The Managers Oracle

| Posted in Leadership Blog

Mark Schwartz, Author of The Managers Oracle shares with us the following excerpt from his book…

Always Issue Clear Instructions

Here’s a key question: Why in the world would you want to risk failure when you can virtually ensure success by taking just a moment to give out very clear instructions?

Almost without exception, every boss who has ever handed down an order has, at one time or another, also been guilty of dispensing poor instructions.  Inadequate instructions can lead staff to misunderstand their goals, perform unneeded work, utilize inefficient methods, or waste resources as a result of trying to exploit the wrong materials.

As a leader/manager, it is essential for you to consistently go far out of your way to BE SURE your staff understands both your instructions and the reasons you issued them.  Remember, as a leader you are NOT communicating with children; you are talking to adults who are being well paid to perform tasks correctly.  You want to try to ensure success because that’s what you are being paid to deliver.

From my book, The Manager’s Oracle: 125 Key Lessons Nobody Ever Taught You About Leading and Managing, here are a few brief-but-essential lessons that will help you understand the tremendous value of giving out very clear instructions.

Lesson: Providing complete and very clear instructions is a most important key to your team’s, and by extension, your own success.

Lesson: Even at the risk of sometimes sounding tedious to a few members of your staff, always make sure you’ve made the reasoning behind your plan very clear.  If necessary, write it out in longhand or put it in an e-mail message.  Over time, your area’s results will begin to pull ahead of your peer managers because you are squarely set up to avoid wasting your team members’ time or their resources.

Remember, the weaker the team member, the more of your personal effort is likely to be needed to make an assignment clear.  Ultimately, you’ll personally gain from having many fewer delegated tasks go wrong.  That is, you simply will not have to stop whatever important thing you are doing – to mop up some subsequent mess.

Lesson: Issuing careful and thorough instructions and making sure they are well understood costs far less than the costs you’ll incur over time, in cleaning up after constant disasters.

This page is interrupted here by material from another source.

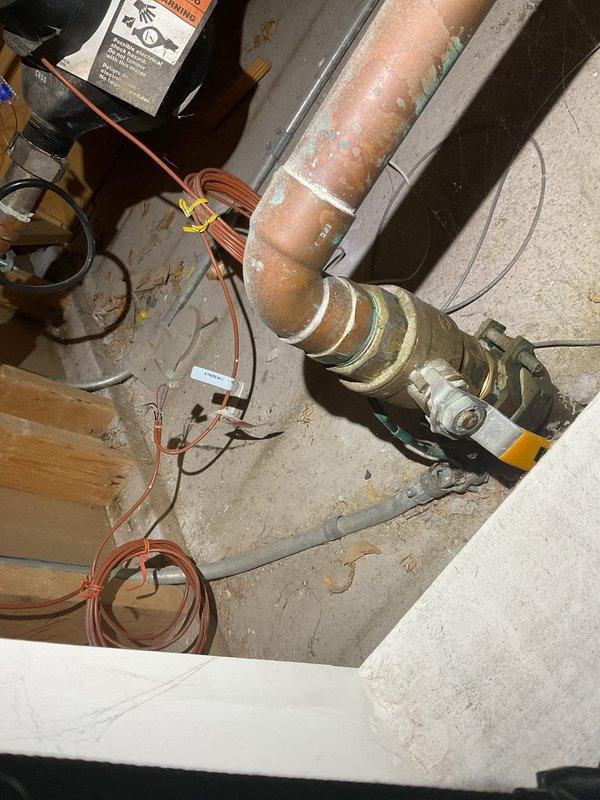 Responded to water leak investigation between third floor master bathroom and second floor bathroom ceiling. Conducted visual inspection of affected areas, documenting visible water staining on second floor ceiling directly below master bathroom. Inspected plumbing fixtures, supply lines, and drainage systems in master bathroom to identify source of moisture intrusion. Photographed mechanical equipment and plumbing connections in utility area, including aged copper piping with visible corrosion and patina buildup on pump assembly. Documented kitchen plumbing fixtures and connections as part of comprehensive leak source investigation. Captured photographic evidence of all inspected areas for diagnostic assessment and recommended repairs.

Of course, experienced employees should never require detailed instructions every time they perform any task they’ve already handled even just once or twice.  (Obviously, that behavior would fall into the category of micro-managing, and would quickly become a waste of your own time and energy.)  This warning is true unless a given task includes some kind of new feature or change they could easily misunderstand.  If the task includes something new and complex, you are effectively giving out instructions for an entirely new task and you should make certain everyone understands the revised routine.

Lesson: If an employee is just not able to get it right after too many (a number that is entirely up to you) tries, that employee qualifies as a lunkhead, not you.  Then, it’s time to be a little upset and possibly angry.  Apparently, you may be asking that employee for something that really can’t happen.  That employee just is never going to get it right.

Clearly, there is inevitably a point where you just have to say, “I give up!”